◆ Task statement
Keep the images out while you retype all of the data exactly.

◆ Given material
----
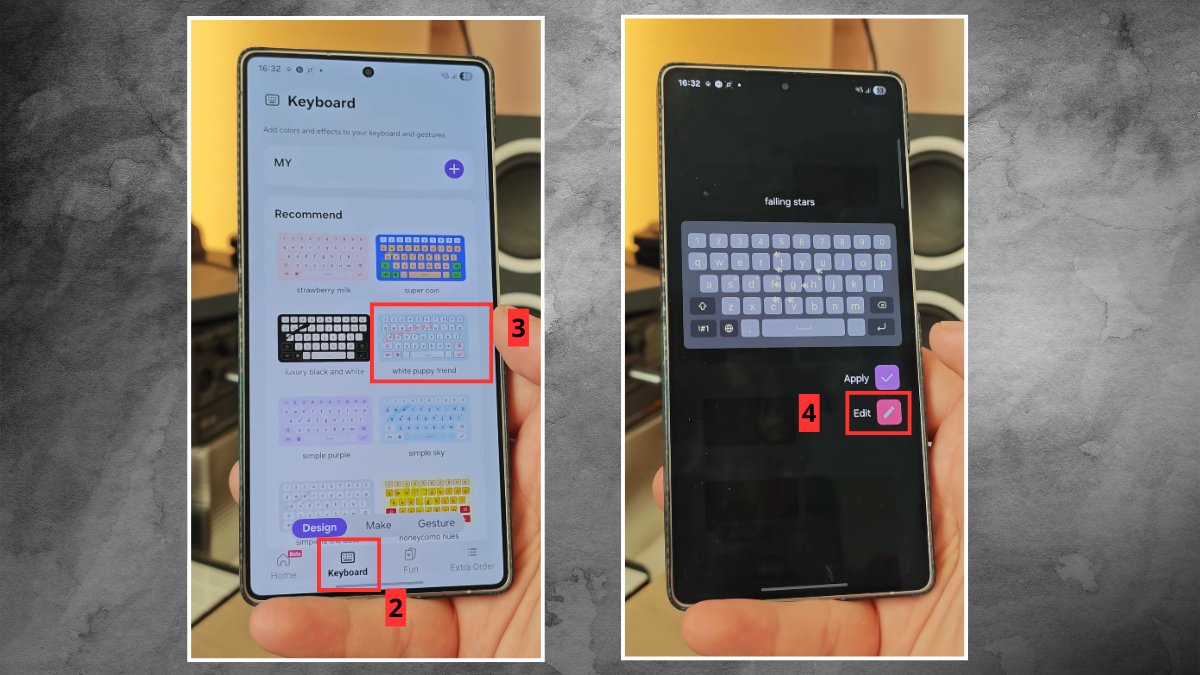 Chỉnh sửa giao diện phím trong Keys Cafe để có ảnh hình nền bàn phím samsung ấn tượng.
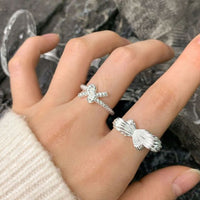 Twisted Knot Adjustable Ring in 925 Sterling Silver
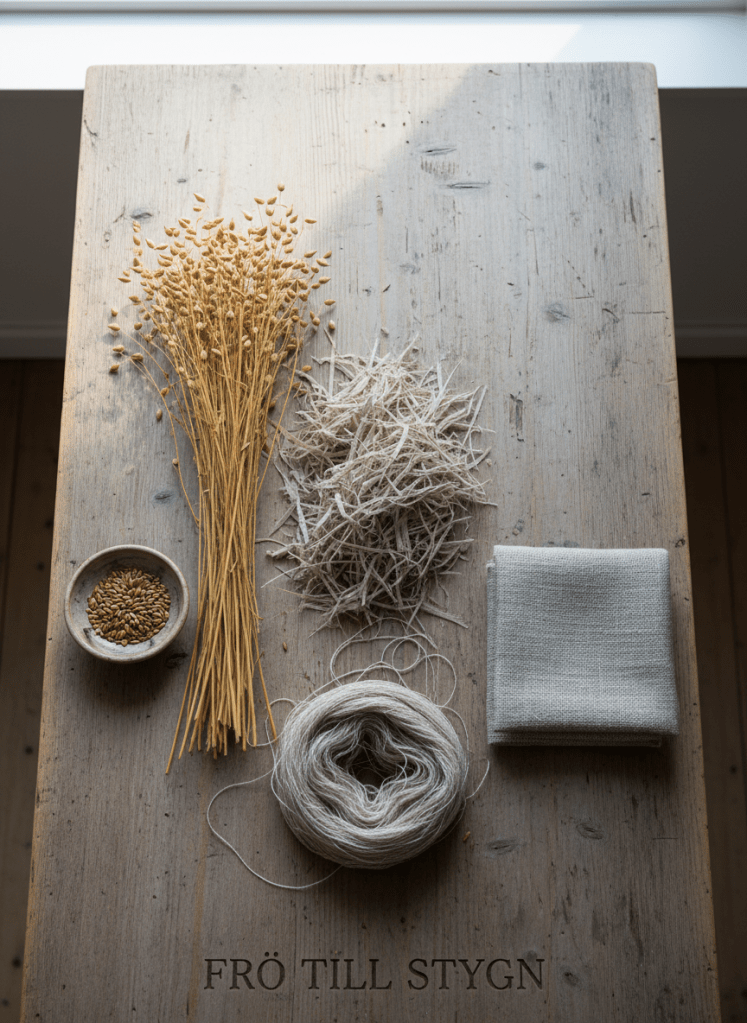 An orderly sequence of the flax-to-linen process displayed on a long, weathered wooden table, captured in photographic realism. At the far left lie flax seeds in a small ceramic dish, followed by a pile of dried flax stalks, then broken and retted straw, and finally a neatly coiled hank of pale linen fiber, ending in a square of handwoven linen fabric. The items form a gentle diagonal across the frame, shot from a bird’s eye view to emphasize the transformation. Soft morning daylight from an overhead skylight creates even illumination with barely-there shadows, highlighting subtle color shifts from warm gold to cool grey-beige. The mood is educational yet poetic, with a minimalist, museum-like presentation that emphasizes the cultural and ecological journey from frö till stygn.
----
◆ Response box
 Chỉnh sửa giao diện phím trong Keys Cafe để có ảnh hình nền bàn phím samsung ấn tượng.
 Twisted Knot Adjustable Ring in 925 Sterling Silver
 An orderly sequence of the flax-to-linen process displayed on a long, weathered wooden table, captured in photographic realism. At the far left lie flax seeds in a small ceramic dish, followed by a pile of dried flax stalks, then broken and retted straw, and finally a neatly coiled hank of pale linen fiber, ending in a square of handwoven linen fabric. The items form a gentle diagonal across the frame, shot from a bird’s eye view to emphasize the transformation. Soft morning daylight from an overhead skylight creates even illumination with barely-there shadows, highlighting subtle color shifts from warm gold to cool grey-beige. The mood is educational yet poetic, with a minimalist, museum-like presentation that emphasizes the cultural and ecological journey from frö till stygn.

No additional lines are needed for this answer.